Mas uma observação é necessária: “Gramsci só considera como verdadeira sociedade civil os homens que se encontram nela organizados, produzindo seus próprios projetos de transformação. Os que não estão organizados são chamados homens-massa – não num sentido pejorativo, mas no sentido de que são enfraquecidos politicamente. Eles não fazem parte do Estado ampliado”, diz Sonia. E os meios que a sociedade tem para organizar a vontade coletiva são os chamados aparelhos privados de hegemonia. “Podem ser clubes, associações de moradores, imprensa, partidos políticos e outras formas de organização”, explica. (para saber mais sobre esse tema, veja o verbete Hegemonia ).

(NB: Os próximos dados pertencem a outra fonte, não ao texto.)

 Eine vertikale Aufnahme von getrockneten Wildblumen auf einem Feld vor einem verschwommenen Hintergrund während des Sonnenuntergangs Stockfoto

Sonia explica que, num momento de maior complexidade do Estado capitalista, há mais aparelhos privados de hegemonia e é cada vez mais difícil fazer uma revolução tradicional, nos moldes da revolução russa. “Isso porque as classes dominantes têm mais facilidade de criar e manter seus aparelhos de hegemonia, já que têm mais recursos e até mais tempo. Esses aparelhos das classes dominantes organizam a vontade coletiva e elaboram projetos que se tornam consensuais – inclusive aos dominados. A saída, para Gramsci, é justamente que as classes dominadas e suas várias frações se organizem também em aparelhos. A revolução viria daí”, explica. Assim, Gramsci não só desenvolveu uma nova concepção de Estado como também uma nova visão de vias de transformação social.

Estado e governo

O Estado é um conceito. Na prática, segundo Iasi, ele se materializa em um conjunto de instituições que englobam “o poder executivo, o legislativo, os elementos do judiciário, as forças armadas”. “Os governos são os homens que ocupam as funções do Estado momentaneamente”, completa Sonia.

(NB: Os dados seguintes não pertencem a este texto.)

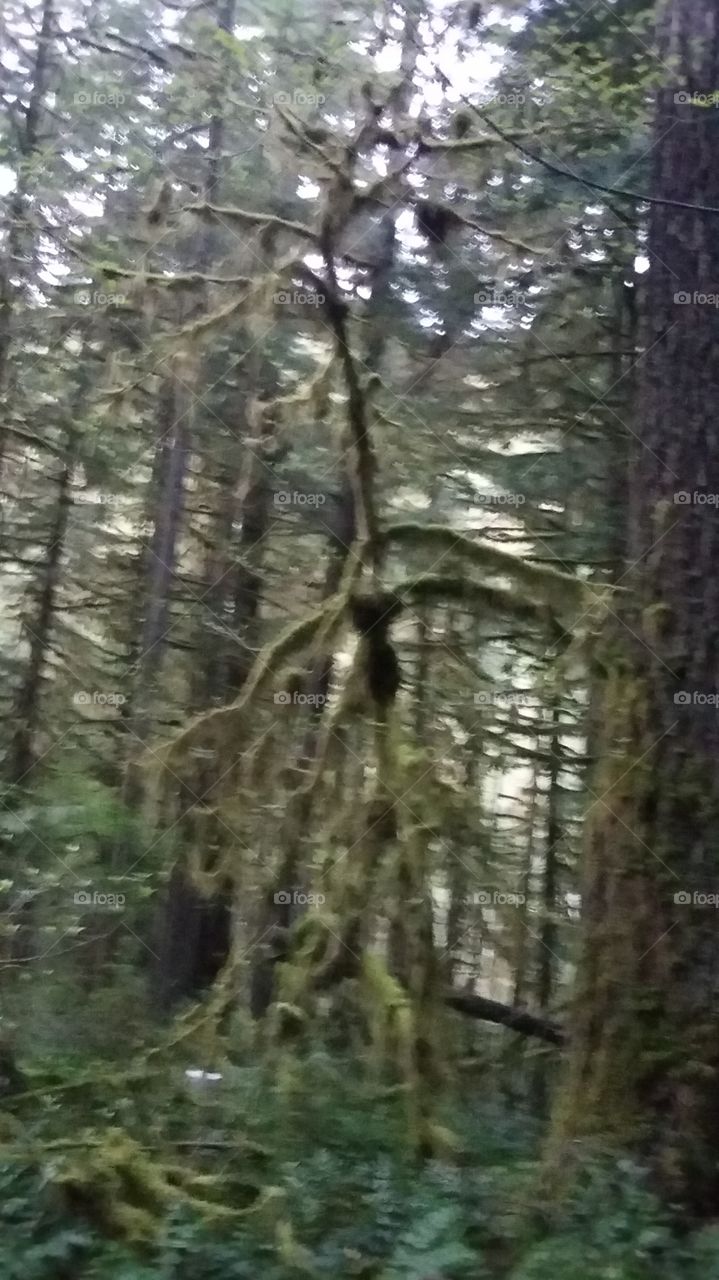 mossy trees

De acordo com a professora, mesmo que as classes dominadas não estejam presentes nos governos, é preciso que sejam feitas concessões a elas, para manter a legitimidade: “Qual foi a primeira coisa que Getúlio Vargas criou após o golpe de 1930? O Ministério do Trabalho. Porque já havia um problema grave de movimentos grevistas, com contestações da classe operária o tempo todo”.

Para Iasi, é preciso tomar cuidado com a ilusão de que o controle do governo geraria, por si só, o controle do Estado. “O Estado tem determinações mais profundas, está ligado às classes econômica, política e ideologicamente dominantes. Se, num Estado capitalista, a correlação de forças na sociedade permite que um grupo de orientação socialista ou popular chegue ao poder do governo, ainda assim ele estará constrangido pelo poder econômico e pela hegemonia político-ideológica que se mantém na sociedade. Chegando ao governo, terá que desenvolver políticas que respondam à ordem capitalista e sejam pautadas e constrangidas por ela. O cientista político Adam Przeworski diz: a social-democracia percebeu, na sua experiência histórica, que estar no governo confere muito pouco poder. Isso porque qualquer Estado capitalista é dependente, em última instancia, do capitalismo”, afirma Iasi.

É por isso que, segundo o professor, as políticas de Estado, embora importantes, acabam respondendo à lógica da forma societária em que se encontram. “A correlação de forças pode produzir políticas que atendam a interesses da classe trabalhadora, como de fato aconteceu na história. Houve regulação da jornada de trabalho, das férias e dos salários, por exemplo. Essas trincheiras são, sem dúvida, importantes. Mas elas são sempre constrangidas pela perpetuação ou não das formas econômicas de propriedade e de acúmulo de riqueza próprias do capitalismo”, diz. Ele salienta ainda que, durante muito tempo, se acreditou que esses direitos conquistados, uma vez acumulados, não seriam perdidos. “A conjuntura atual tem mostrado o inverso. Há vários pontos, mesmo no centro do sistema, como na Europa e nos EUA, em que patamares de direitos alcançados nos últimos períodos históricos estão hoje em franco regresso”, observa.